Which is due to the invention in. Comparing with the prior art, the advantage is to reduce the amount of heat required for the internal consumption of the device. In fact, in conventional refining processes, heat treatment is resorted to after the water and light hydrocarbons have been removed, the heat treatment being carried out on all the spent oil to modify the structure of the impurities, particularly with respect to the detergent additives. consisting of sulfonates or phenates of calcium, barium, magnesium and others, to render them less soluble in the lubricant oil. This procedure facilitates the subsequent separation of these substances, especially when using a process for precipitation with solvents for refining. The temperatures used for the heat treatment are generally very high and include 3OO to 450 C, This results in a considerable heat consumption, even taking into account that part of the heat can be recovered, for _e example for heating the feed _t entering the vacuum fractionating column. In contrast, the heat treatment according to the invention may in addition to that it is performed only on the heavy lubricant base _s can be achieved in that one can use this base on the bottom of the sump temperature *

Holding vacuum column, so that no Erwärseinseinrungenungen or »complementary heating Einreiebtungen are necessary

Another advantage that results from the new heat treatment sart, lies in the simplified design of the heating furnace 5 since the used oil must be heated only to a temperature of about 200 ⁰ C, which is necessary for the separation of water and light hydrocarbons _s and as determined at a, r such a temperature, the generation of acidic gases is considerably lower compared with that in a heat treatment of 3OO to 450 ⁰ C.

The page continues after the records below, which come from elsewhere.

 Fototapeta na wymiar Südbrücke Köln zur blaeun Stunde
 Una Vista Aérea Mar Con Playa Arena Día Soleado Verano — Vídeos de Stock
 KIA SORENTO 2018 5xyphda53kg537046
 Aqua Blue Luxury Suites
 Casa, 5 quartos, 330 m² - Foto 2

The preparation of a high viscosity lubricant base that is significantly improved compared to that obtainable by conventional regeneration techniques offers an advantage in the final hydrofinishing stage. The hydrogen consumption is reduced, whereas the oil yield and the life of the catalyst are increased.

ispiel

The main object of the invention will now be described in greater detail, by way of example, with reference to the flow chart shown in the attached figure.

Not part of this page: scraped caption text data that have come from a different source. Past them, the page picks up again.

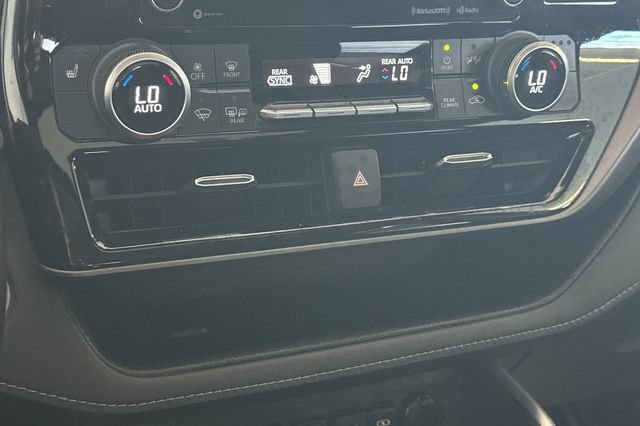Certified 2020 Toyota Highlander XLE FWD image 26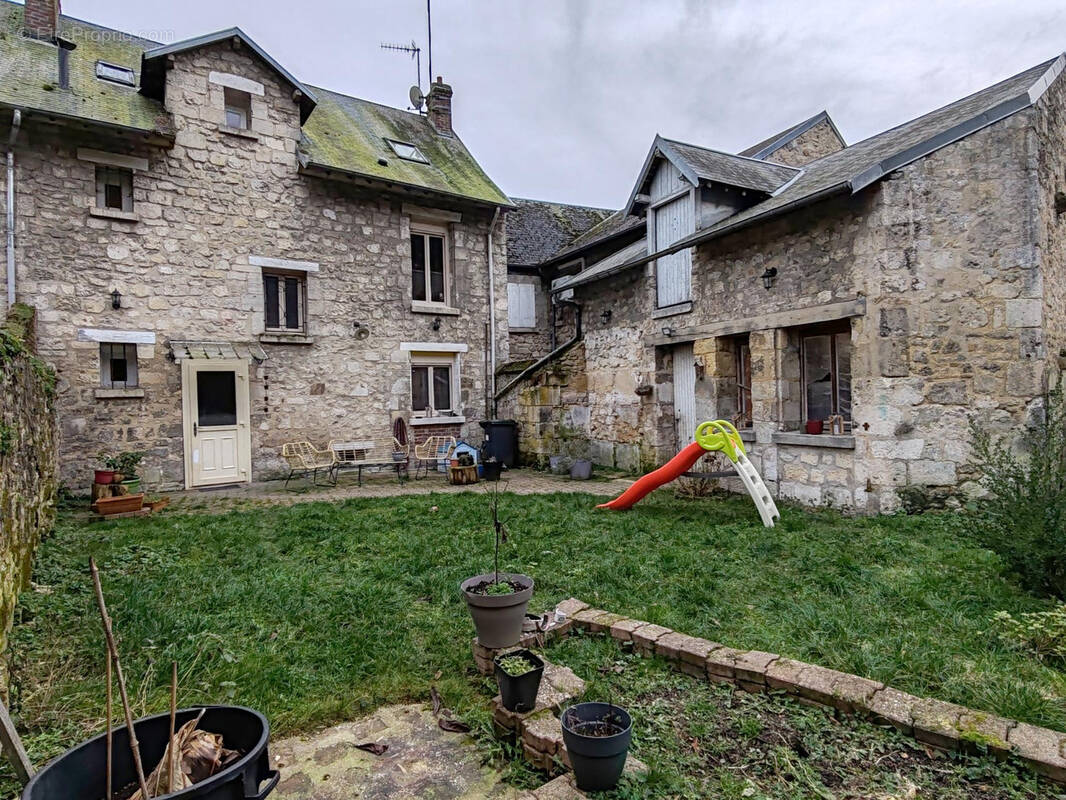 Maison à VILLERS-COTTERETS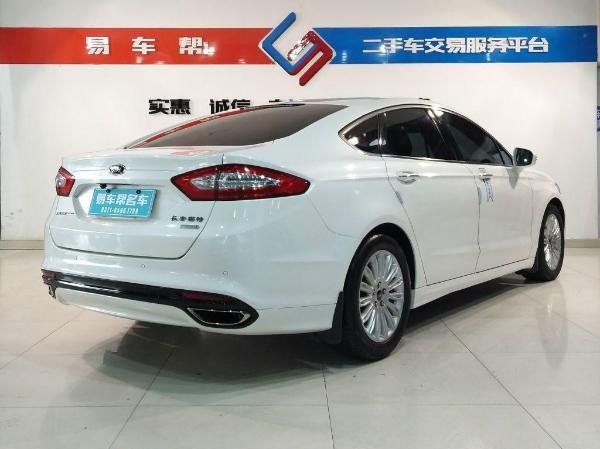 福特 蒙迪欧 2.0t gtdi200 时尚型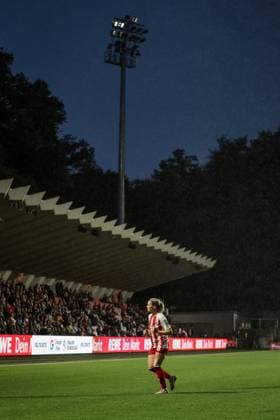 Google Pixel Frauen-Bundesliga 2025 2026 1. FC Köln - Bayer 04 Leverkusen Kein Licht mehr im Franz-Kremer-Stadion - Spielabbruch in Köln Sandra Maria Jessen (FC, 6) Köln Franz-Kremer-Stadion NRW Deutschland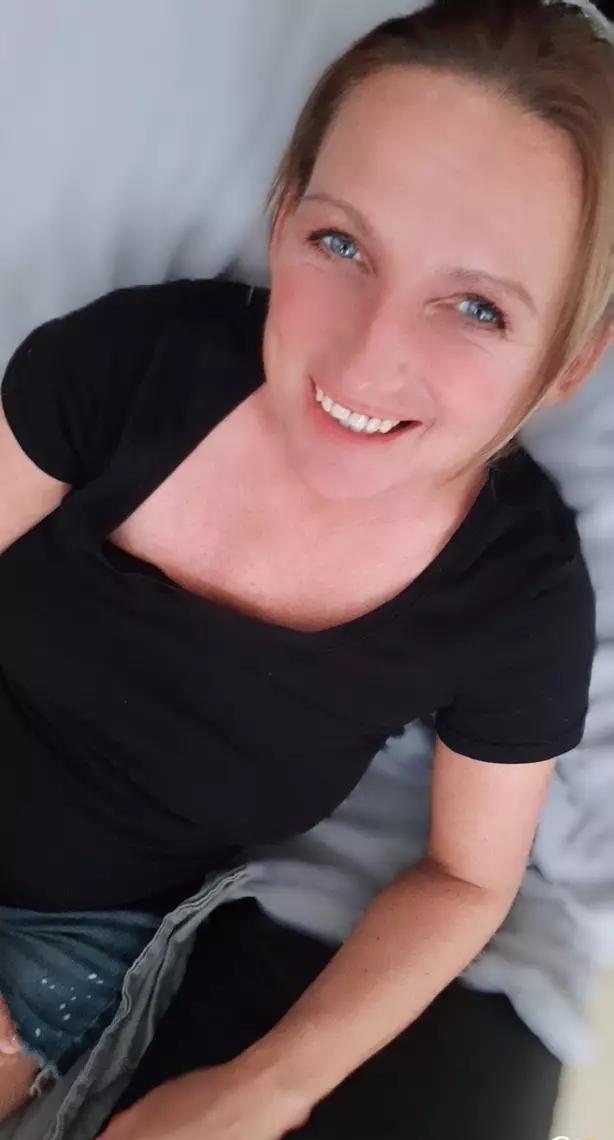 Ana Skinny Geil Sletje Extreem Anaal Mogelijk Plasjes - foto 4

In the flow chart, the broken lines refer only to the processing of the heavier fraction of the spent oil and, in particular, to the processing that this fraction undergoes after the heat treatment. These

different drawing of Ölflußleitungen based on the fact that a single _$ solvent extraction column is used in the imaged! flowsheet, so that it seems advisable to distinguish the solvent extraction of total oil from the extraction of the heavier lubricating base with the solvent *

From the line 11 is used oil, which comes from storage containers, led to the furnace 1 and fed through the line of a pre-distillation 2. Through the top of the predistillation column 2, water and the light hydrocarbons are withdrawn through the line 13, whereas oil is withdrawn from the bottom of the predistillation column 2 and fed via the line 14 to the solvent extraction column 3.

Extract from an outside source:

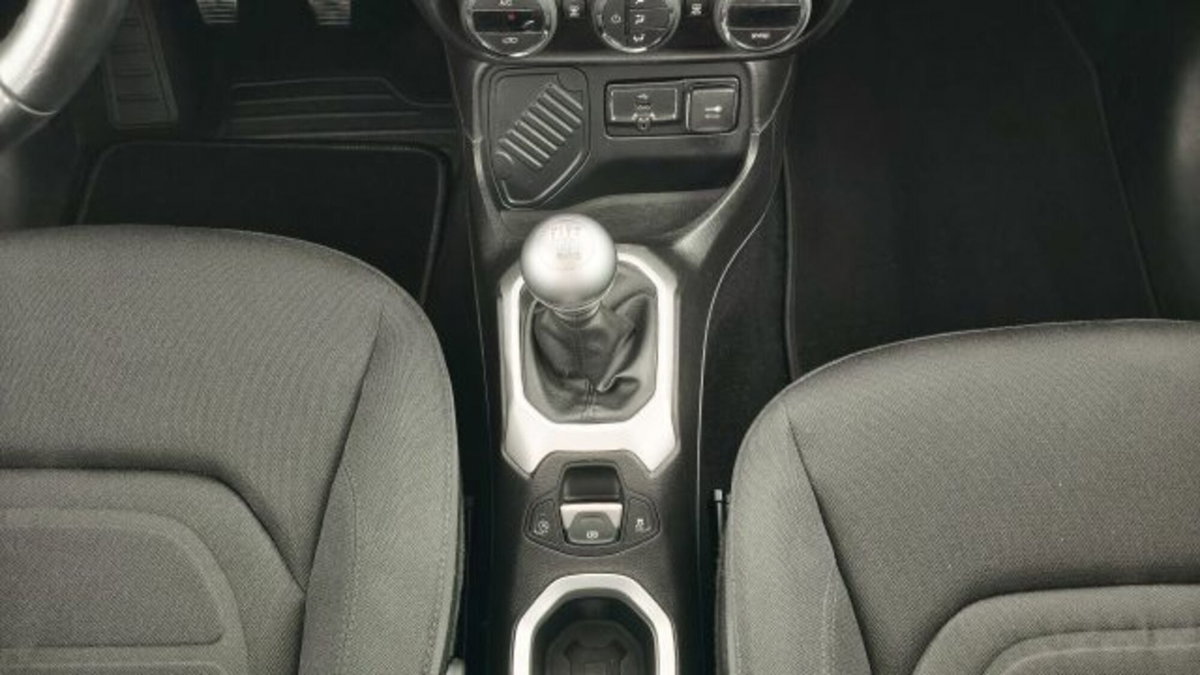 Jeep Renegade 1.6 Mjt 120 CV Limited (13)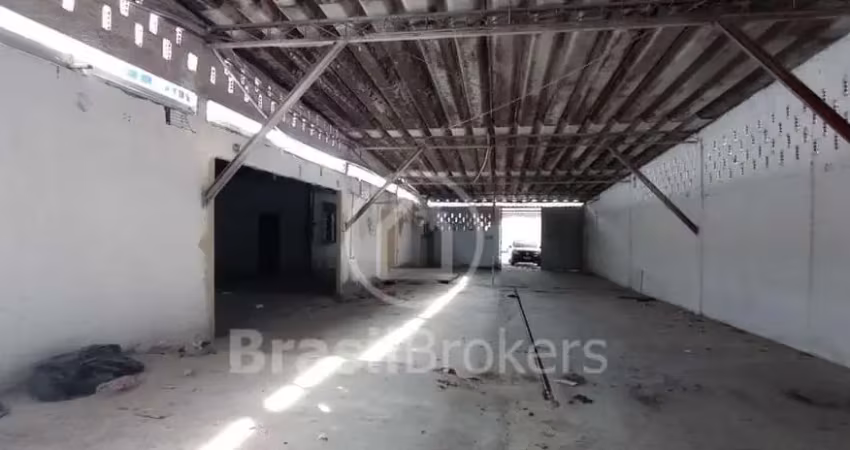 Barracão / Galpão / Depósito à venda na Rua Marechal José Beviláqua, Taquara, Rio de Janeiro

The solvent enters via the line 31 in the vicinity of the extraction column 3 and through the head 3 are obtained via the line 15, the oil and the main fraction of the solvent, whereas via the line 16, the impurities "and the remaining fraction of the solvent from the bottom of the Columns 3 are withdrawn * Both streams recovered from column 3 are introduced separately into 4 and 5 to recover the solvent, and the latter is passed via lines 29 and 30 to a compressor 6 and then through the line Partially refined oil is passed through line 17 to the furnace 7 and via line 18 to the vacuum distillation column 8.

From the top of the column 8, the light hydrocarbons are removed via the line 19, possibly

^ Ι-Ί JP-ί X * ¹ '^ A> ifl * "Λ ^ -t

- 11 -

are still contained in the oil, and from the side parts of the Koldnne 8, the low-viscosity lubricating base materials are taken: In the present flow scheme are given as an example of two lubricant base materials; they are fed separately via the lines 26 and 27 into the hydrofinishing reactor 10; Of course, the number 2 is not limitative. From the bottom of the column 8, the heavier lubricant base materials in which the impurities have been concentrated are withdrawn via the line 20 and are sent to the heat treatment 9 for a certain period of time, which is a function of the temperature , the heavier lubricant base materials are fed via line 21 to the solvent extraction column 3

It will be appreciated that in the case of batch operation, the extraction column 3 should be used both for the extraction of the total oil after predestination and for the extraction of the heavier lubricant base materials after the heat treatment, in which case the necessary storage containers should be provided In order to be able to carry out this type of method, such containers have not been shown in the present figure in order not to jeopardize their clarity *

If it is desired to have a continuously operated device, it is sufficient to insert into the flow diagram a second extraction column which is the same as the first one.

Also in this case, the head of the extraction column 3, the heavy lubricant base through the line

taken along with the main fraction of the solvent, whereas from the sump 3 via the line 24 · the impurities are removed with the remaining solvent fraction. These streams are fed to solvent recovery 4 and 5. From the bottom of solvent recovery 4-, the heavy lubricant base is withdrawn and fed to the hydrofiniscb reactor via line 23, whereas residue is withdrawn through the bottom from 5 <1ö, which is recycled through line 25 for recycling to the solvent extraction column 3 is, if the latter column is used to extract the total oil to recover oil residues that are added to the impurities.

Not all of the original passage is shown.